Let me now bring some closure to these reflections by means of a few historically oriented reminders. First, it is hard not to appreciate a dimension of givenness within our human cognitive situation. Second, it is equally difficult to reduce the givenness of meaning to that of sensible content. Third, unless we go the route of a monadology, givenness is not explicable except through an appropriate receptivity. Fourth, what in epistemological tropes we are inclined to label object or content may well have an historical life of its own, one somewhat independent of our particular aspirations, needs and agendas. If so, it might well not be insightfully construed as enduringly accessible.
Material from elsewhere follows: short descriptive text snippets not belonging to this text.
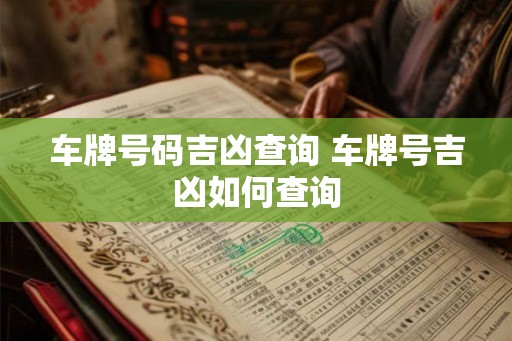 车牌号码吉凶查询 车牌号吉凶如何查询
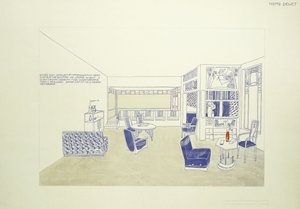 A Design for a Room, c.1901 (cor litografia) de Leopold (after) Bauer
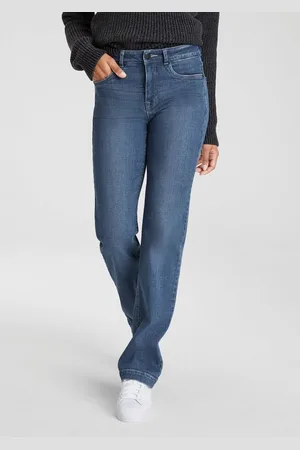 ARIZONA Gerade Jeans weite Beinform, Used-Look-Waschung, hohe Taille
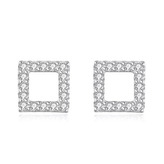 NB-3706 Minimalistické stříbrné náušnice čtverečky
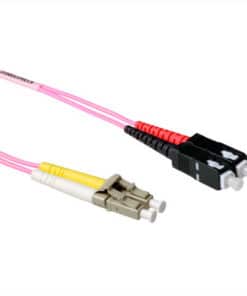 ACT 10 meter LSZH Multimode 50/125 OM4 glasvezel patchkabel duplex met LC en SC connectoren
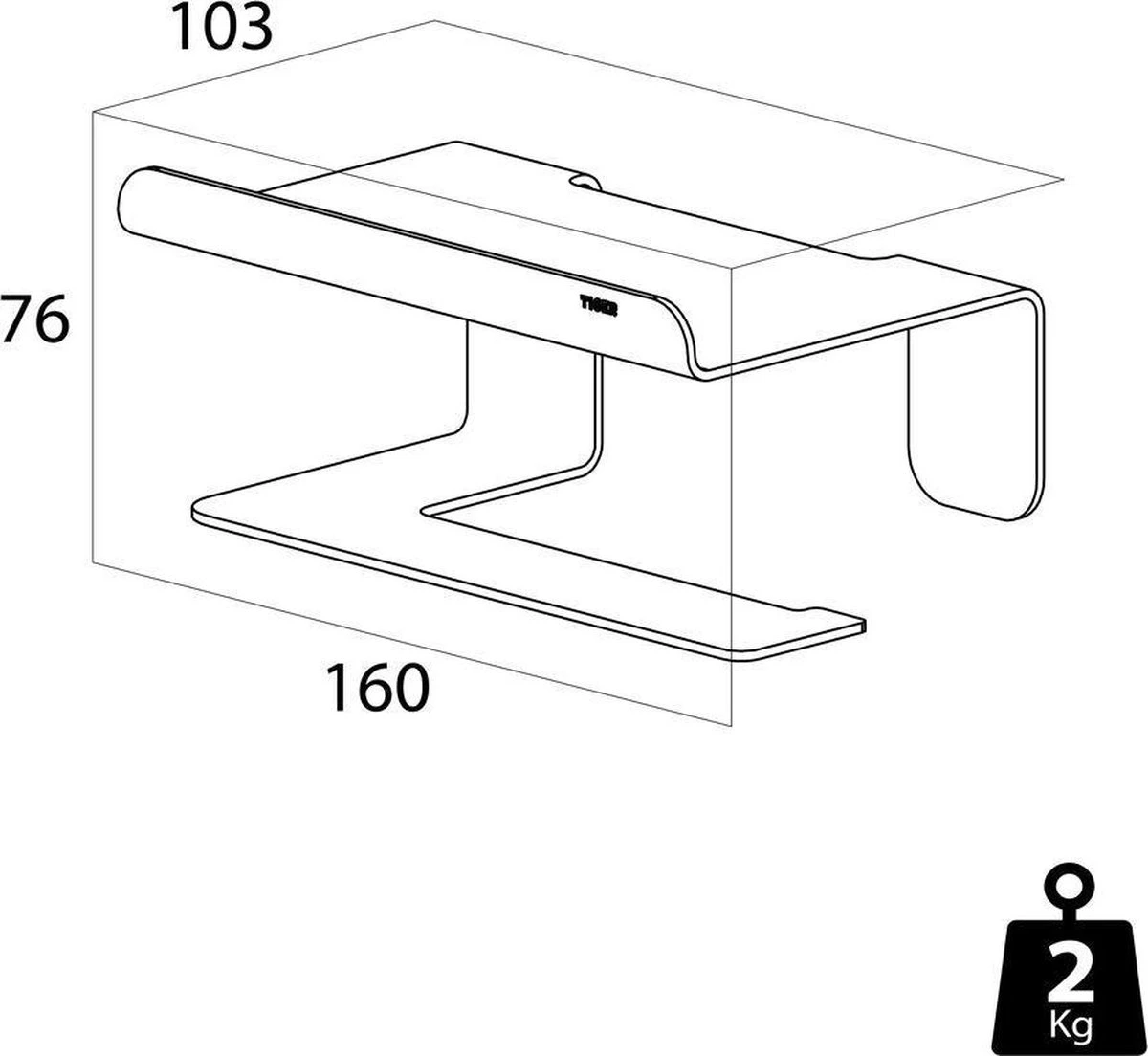 Tiger Colar - Toiletrolhouder Met Planchet - Zwart 8 Tiger Colar - Toiletrolhouder Met Planchet - Zwart - Afbeelding 8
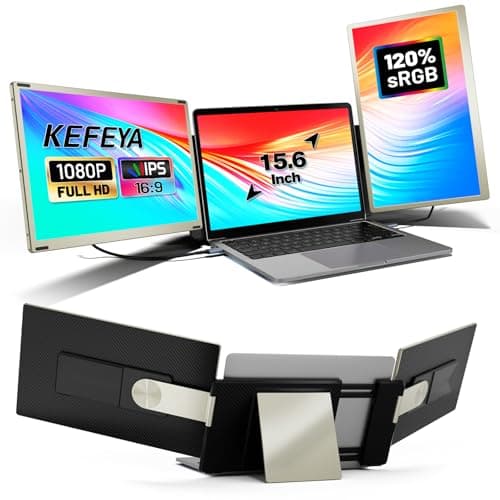 KEFEYA Monitor Portátil 15.6” para Todos Tamaños de Laptops Vienen con HUB H5-T, Extensor Pantalla Portatil 80 NTSC FHD 1080P Laptop Screen Extender HDMI/USB-C Plug and Play para Mac Windows Chrome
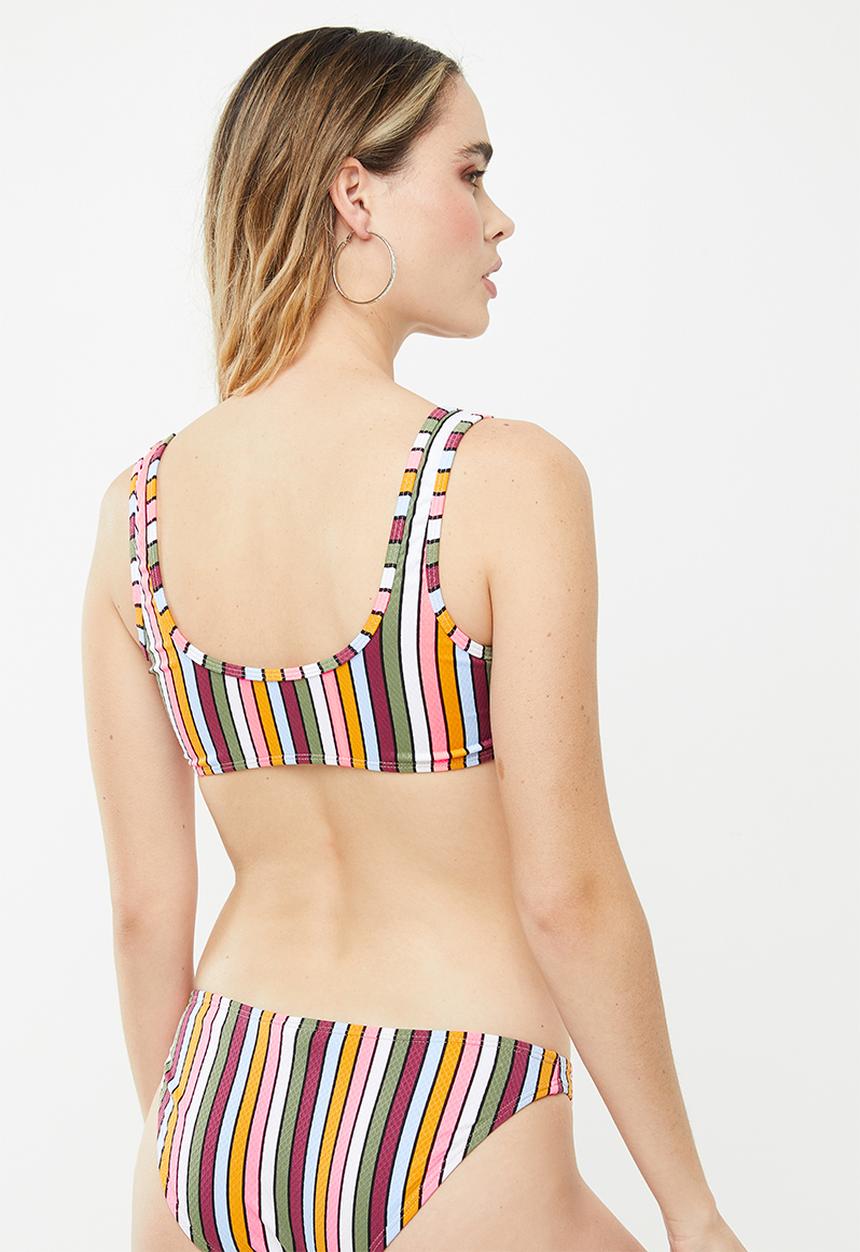 Cotton On - Knot front crop bikini top - multi
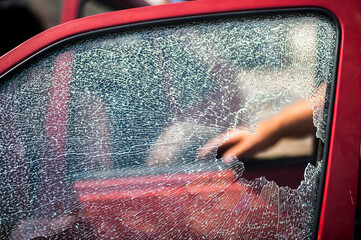 broken car window after the shot explosion
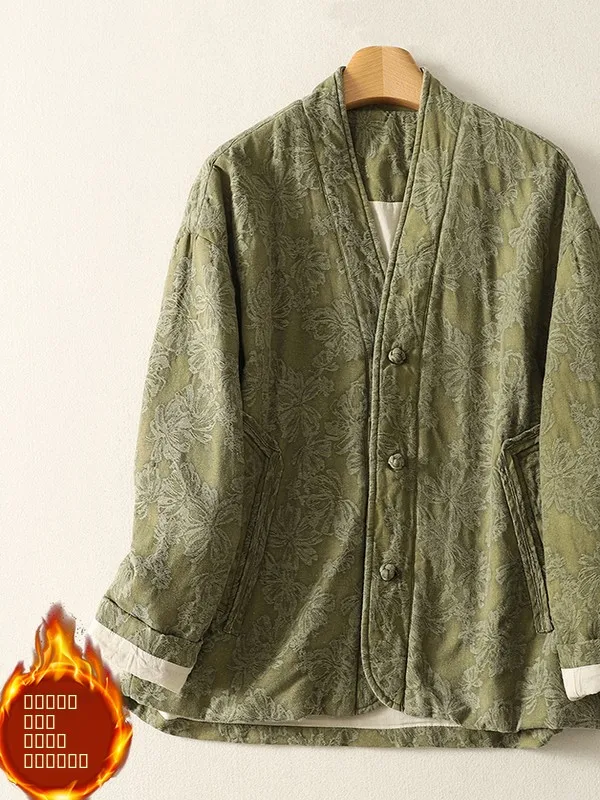 الرجعية الصينية زر القطن Jaet شتاء جديد Sle عادية الدافئة الأزهار التطريز ملابس خارجية Thiened طويلة Sve V-Ne معطف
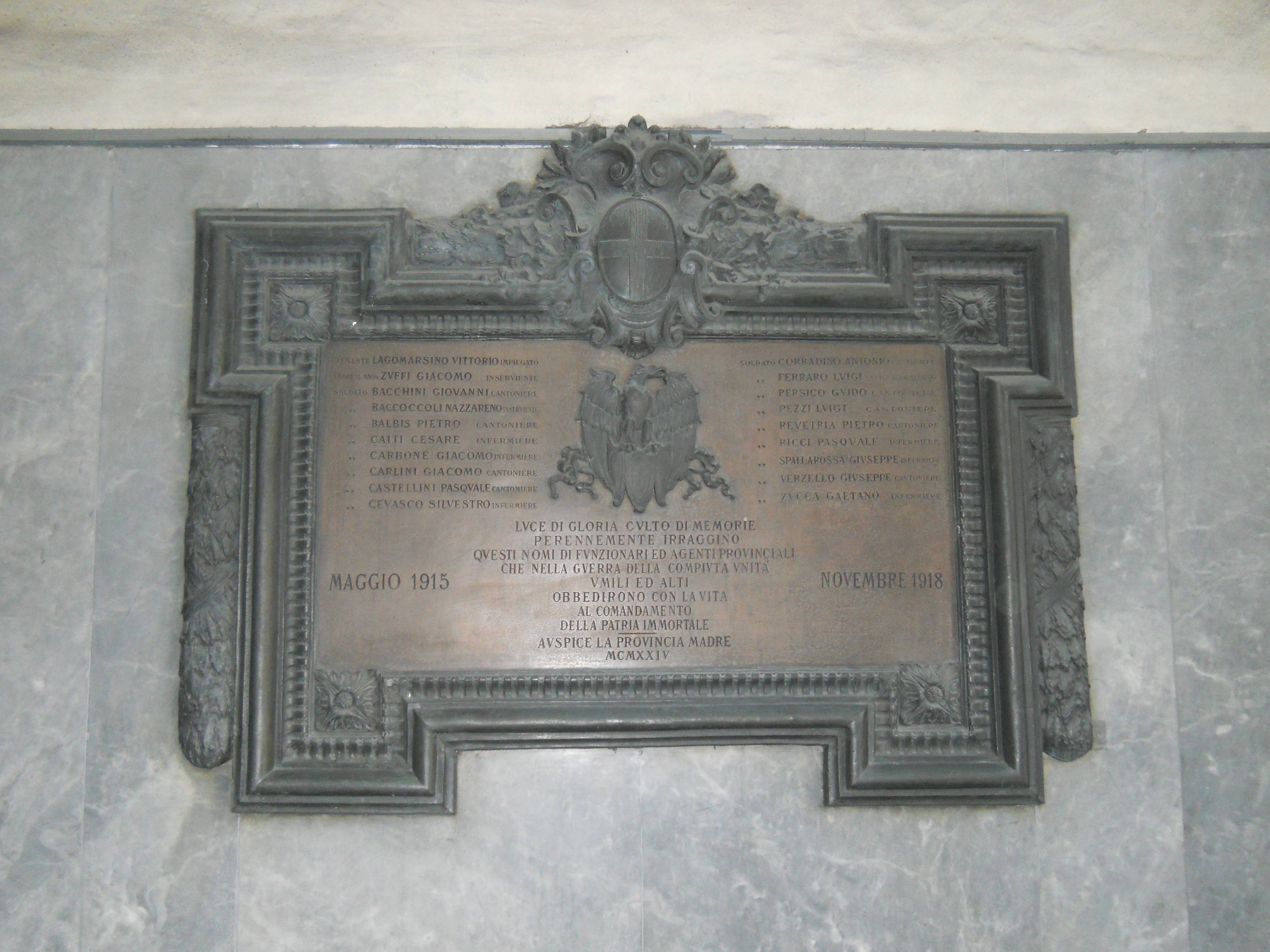 targa bronzea con allegoria della Vittoria (lapide commemorativa ai caduti) - ambito ligure (primo quarto XX)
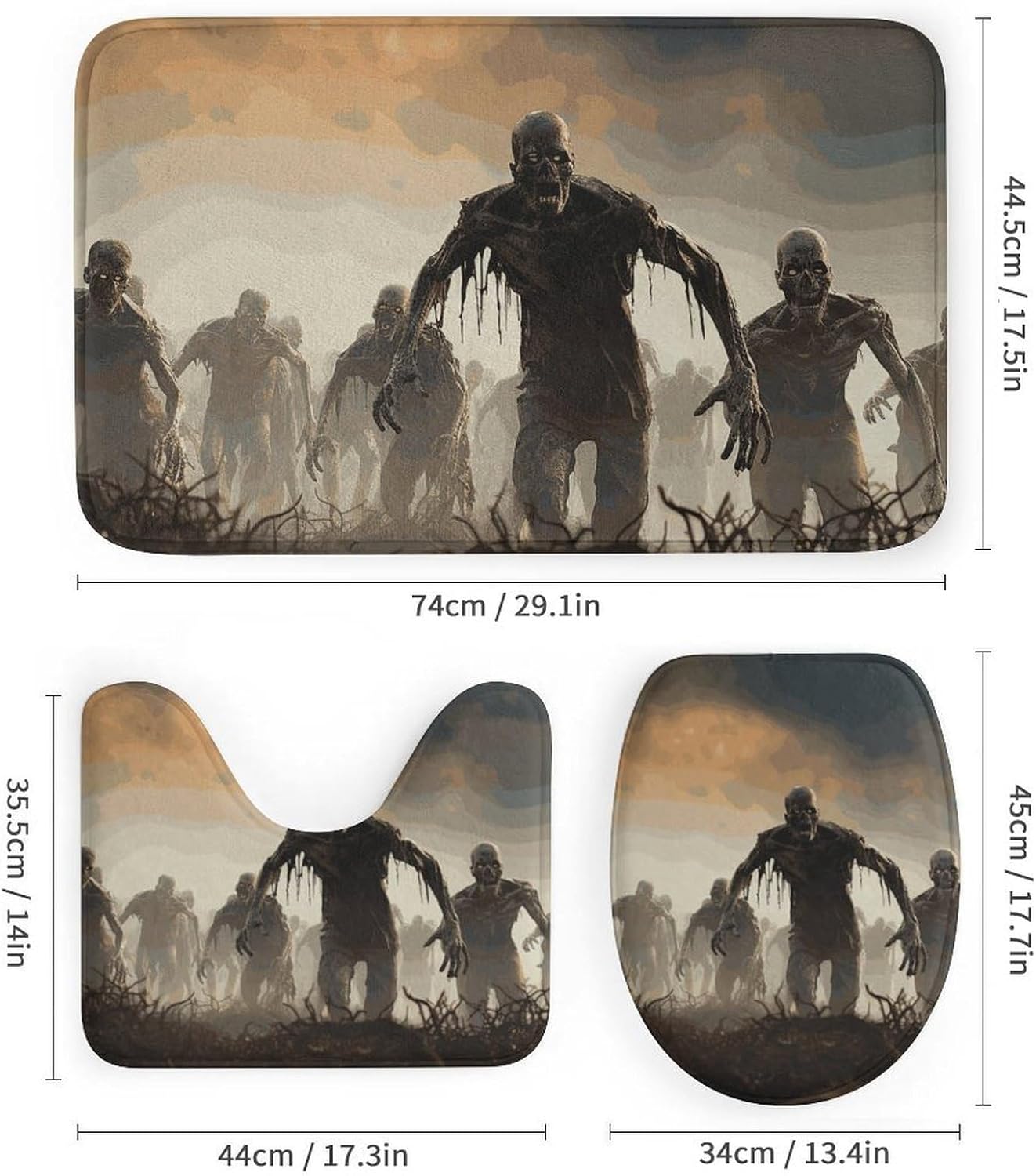 Many Zombie Shower Curtain Set 4 Piece, Non-Slip Bath Mat with Toilet Lid Cover and Waterproof Shower Curtain with 12 Hooks, Complete Bathroom Set for Home Decor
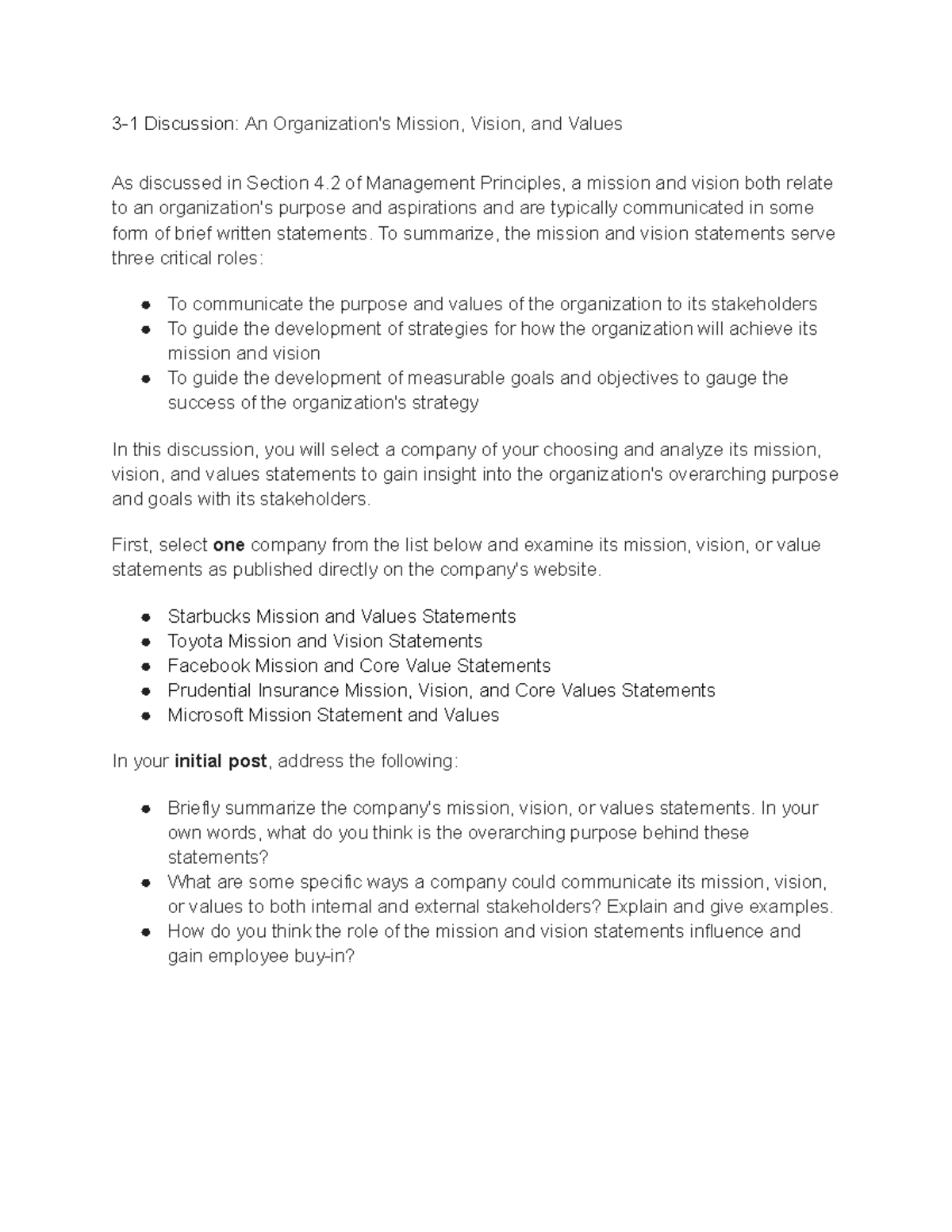 Com 127 3 1 3 1 Discussion 3 1 Discussion An Organizations Mission Vision And Values As 6434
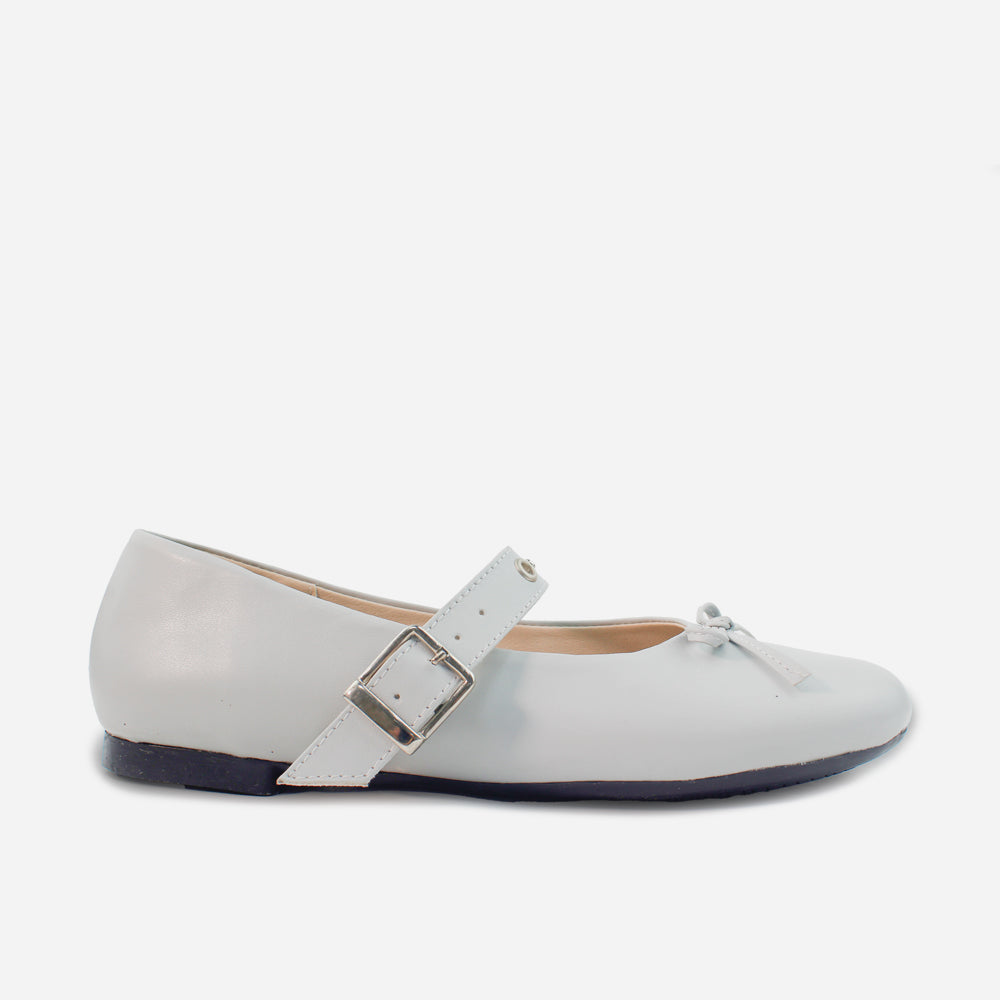 Baleta plana naya de cuero para mujer - Gris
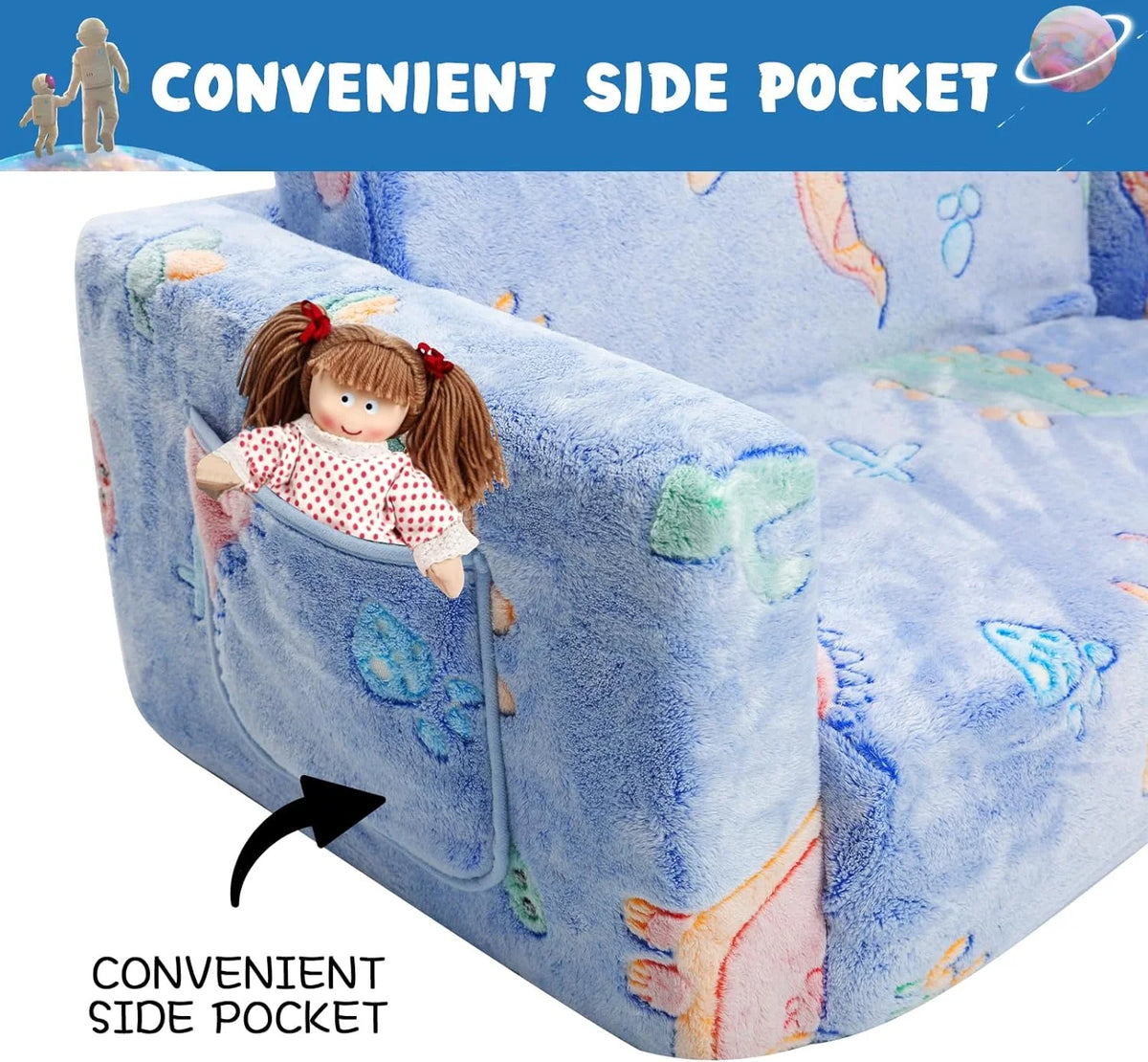Kids Couch Toddler Chair Folding 2 in 1 Glow in The Dark Convertible Sofa to Lounger D6052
Were it so, we might make a lot more sense of maneuvers we might undertake, cognitive strategies we might employ to re-engender Presence.

Of course a method of active approach to currently absence content cannot be ruled out altogether, but the sketch of an alternative possibility grounded in receptivity such as I have suggested should give us pause. The underlying insight might come to be that we may open a door fully, as to become altogether positively and existentially receptive, but, unfortunately, just precisely no thing and, thus, nothing may come into view nor arrive into that open threshold we have engendered. This waiting and the concomitant creation of a receptive space is something that I have labeled "thresholding" in my various writings.3

Let me end with a fitting quote from Jaspers:

We can do nothing to plan the future realities of faith. We can only be ready to receive it. And live in such a manner that this readiness increases. We cannot make our own transformation the goal of our wills; it must, rather, be bestowed upon us, if we live in such a fashion that we can experience the gift. With this, it seems proper to keep silent about the faith of the future. [OGH 223]


1 Karl Jaspers, Socrates, Buddha, Confucius, Jesus, from The Great Philosophers, Volume I, ed. Hannah Arendt, transl. Ralph Manheim, New York: Mariner Books, 1966.

2 Karl Jaspers, The Origin and Goal of History, transl. Michael Bullock, New Haven: Yale University Press 1968, p. 87. [Henceforth cited as OGH]

3 Stephen A. Erickson, The (Coming) Age of Thresholding, Dordrecht: Kluwer Academic Publishers, 1999.